• [Exercise brief]
Lower down are entries containing pictures. Copy exactly, without those pictures, the lines from the line with "As an example, let's" through the line with "First of all, let's".

Data extracted from a collection
########################################

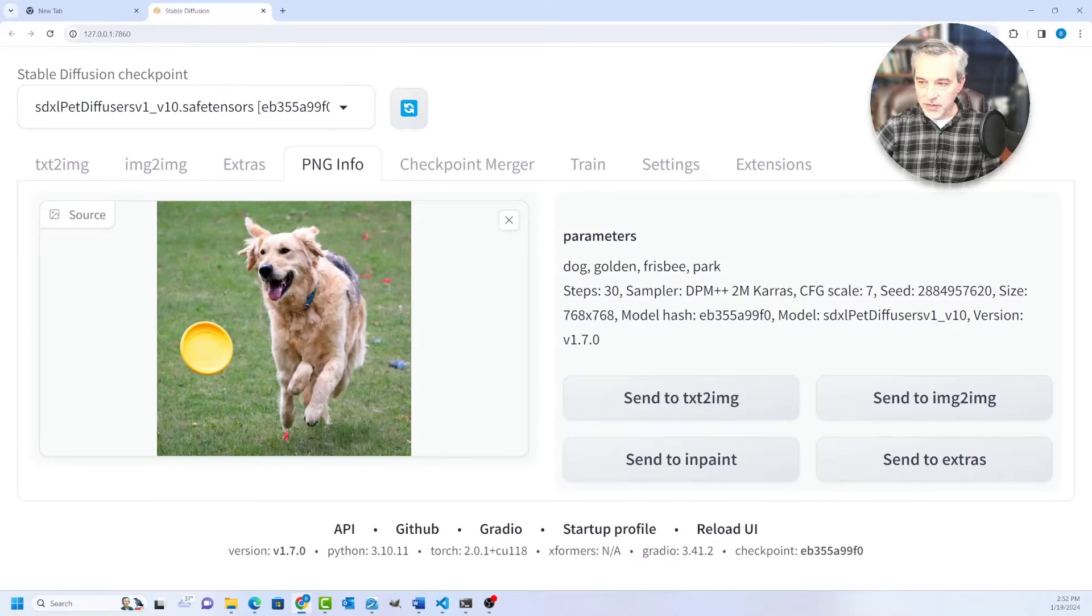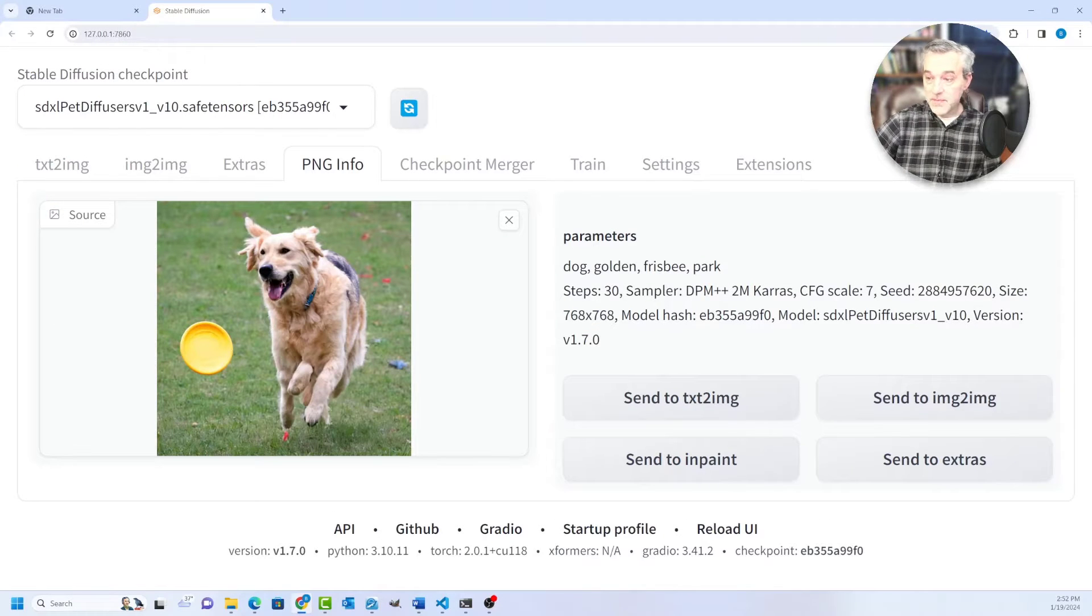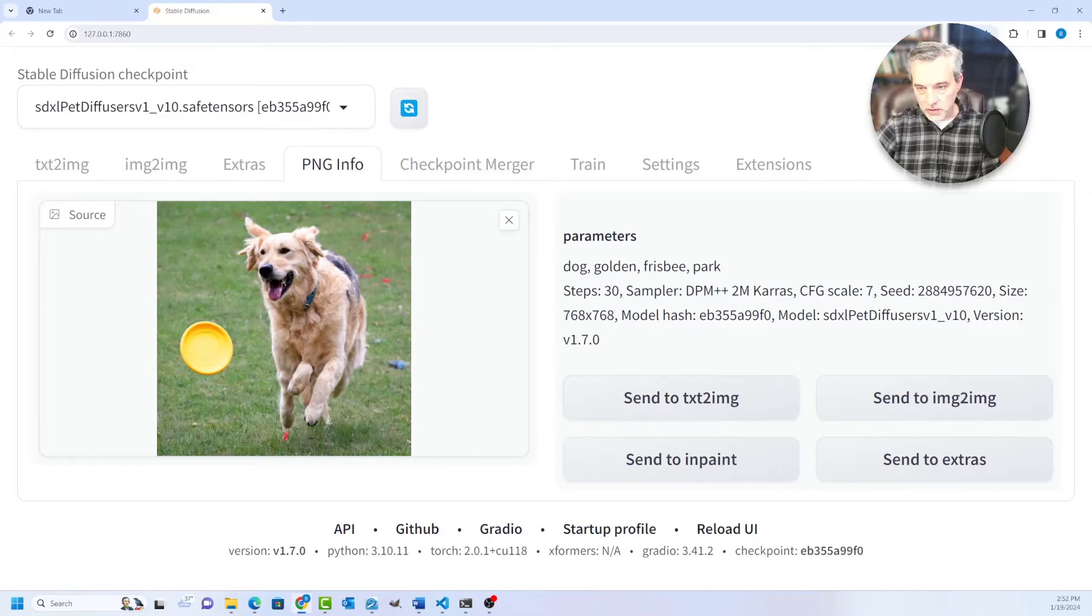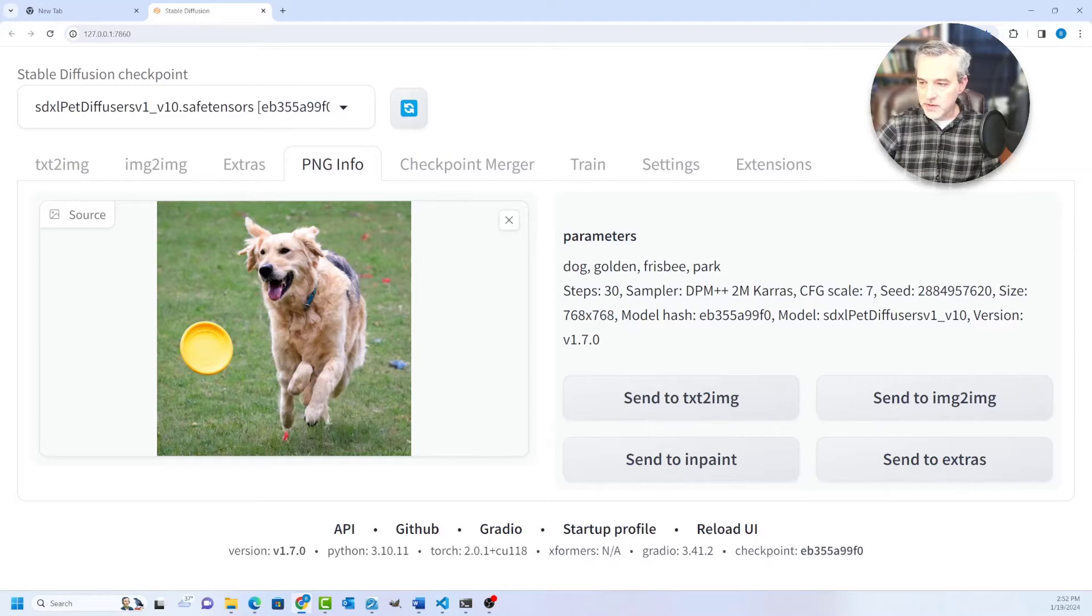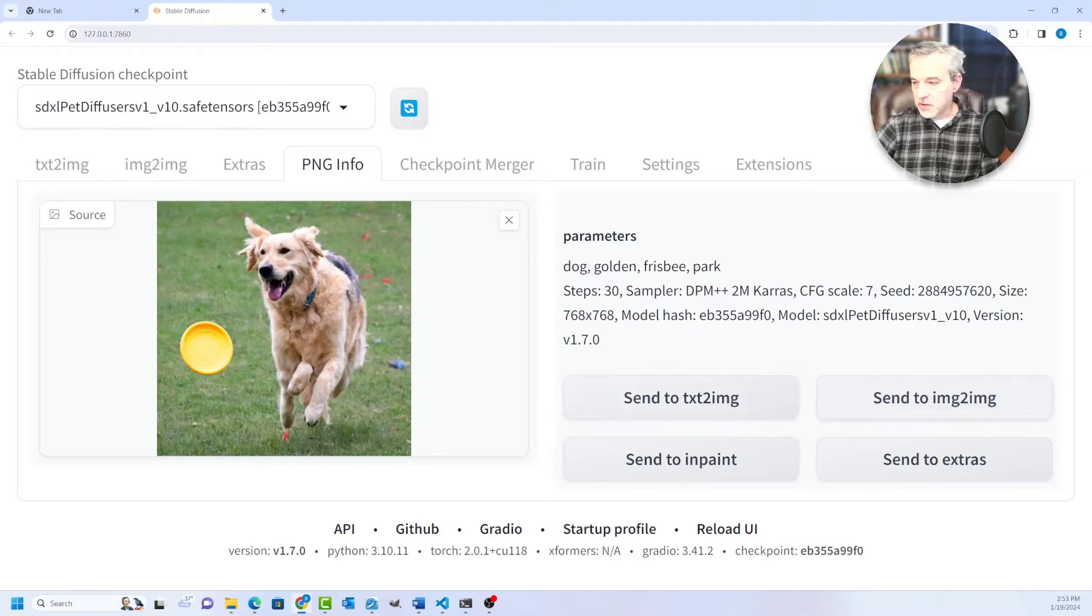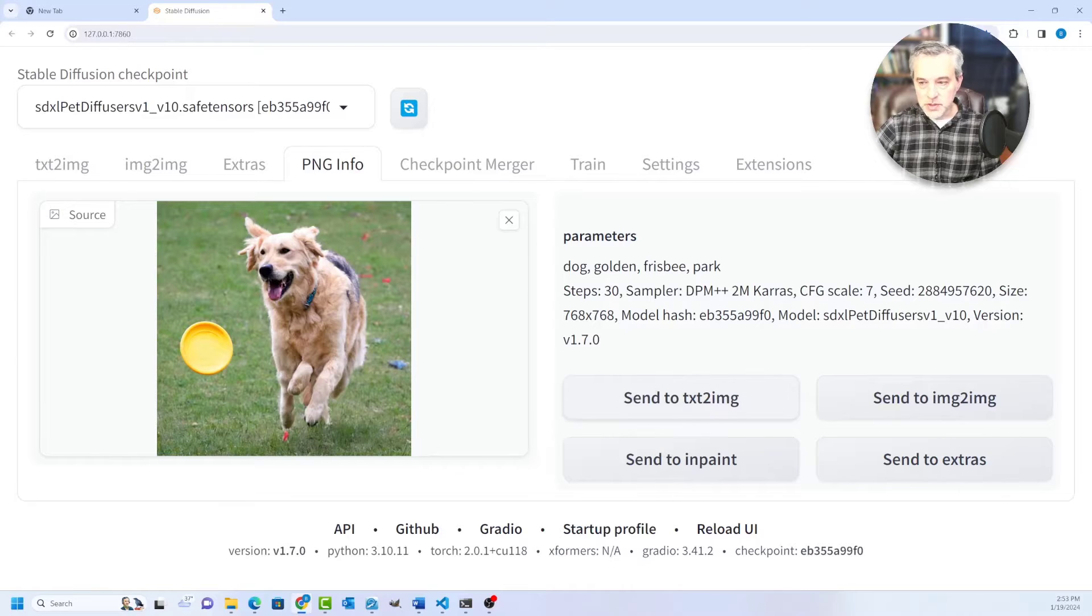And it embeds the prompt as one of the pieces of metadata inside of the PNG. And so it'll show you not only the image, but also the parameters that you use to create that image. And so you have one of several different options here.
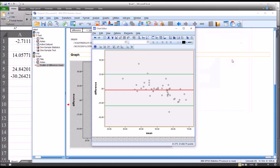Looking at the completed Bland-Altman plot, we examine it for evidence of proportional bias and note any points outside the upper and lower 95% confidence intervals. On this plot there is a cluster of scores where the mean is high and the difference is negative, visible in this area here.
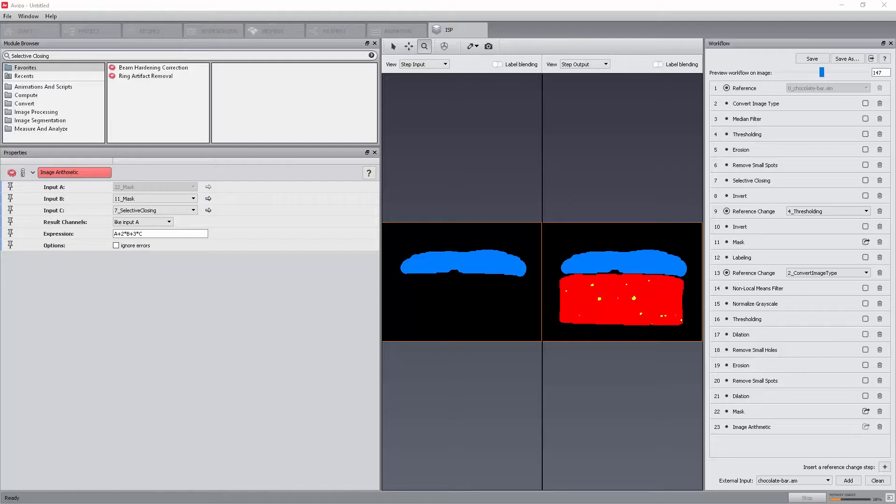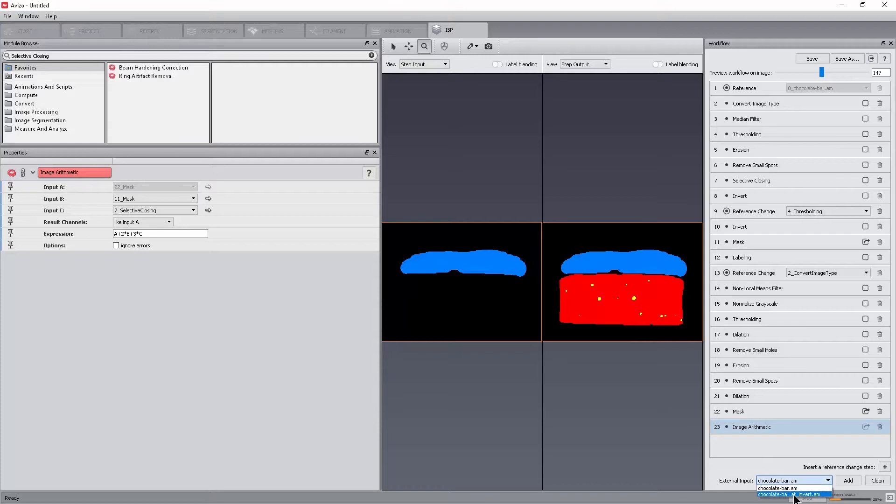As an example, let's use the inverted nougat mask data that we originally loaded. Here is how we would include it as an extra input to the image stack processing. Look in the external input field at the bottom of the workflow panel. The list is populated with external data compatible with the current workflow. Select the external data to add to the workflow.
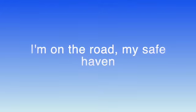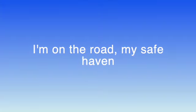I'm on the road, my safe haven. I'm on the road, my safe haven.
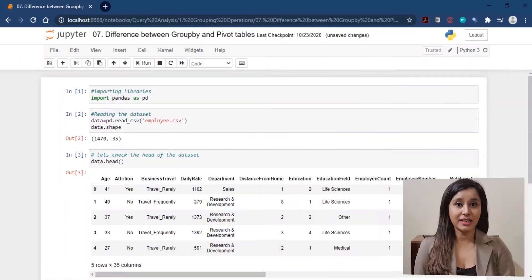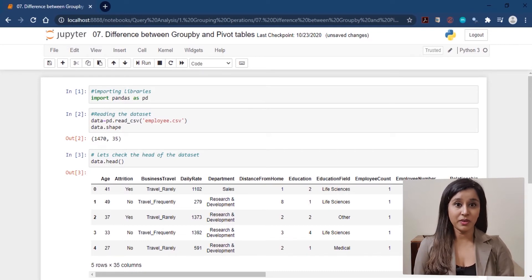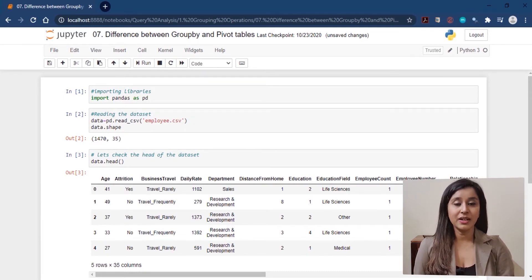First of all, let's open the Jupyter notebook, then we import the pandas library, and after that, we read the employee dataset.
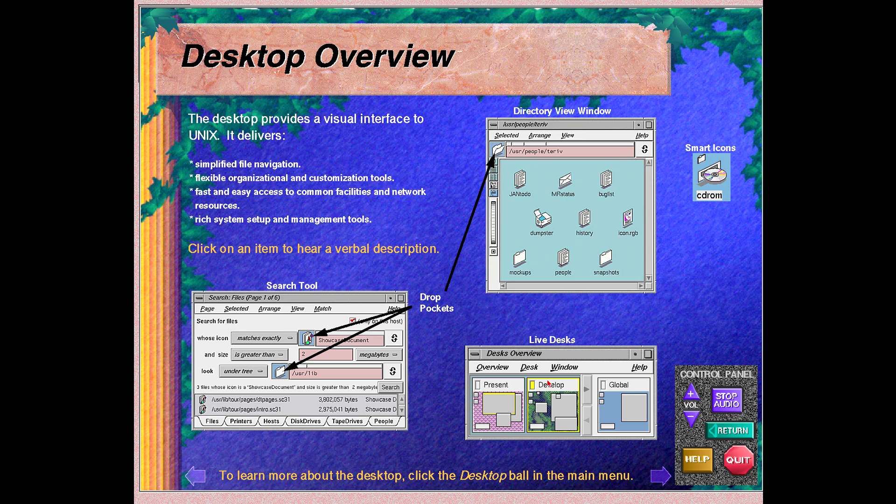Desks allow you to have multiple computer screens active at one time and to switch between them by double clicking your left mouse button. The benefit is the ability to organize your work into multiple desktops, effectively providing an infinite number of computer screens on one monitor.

########################################

• [Exercise result]
As an example, let's use the inverted nougat mask data that we originally loaded. Here is how we would include it as an extra input to the image stack processing. Look in the external input field at the bottom of the workflow panel. The list is populated with external data compatible with the current workflow. Select the external data to add to the workflow.
I'm on the road, my safe haven. I'm on the road, my safe haven.
First of all, let's open the Jupyter notebook, then we import the pandas library, and after that, we read the employee dataset.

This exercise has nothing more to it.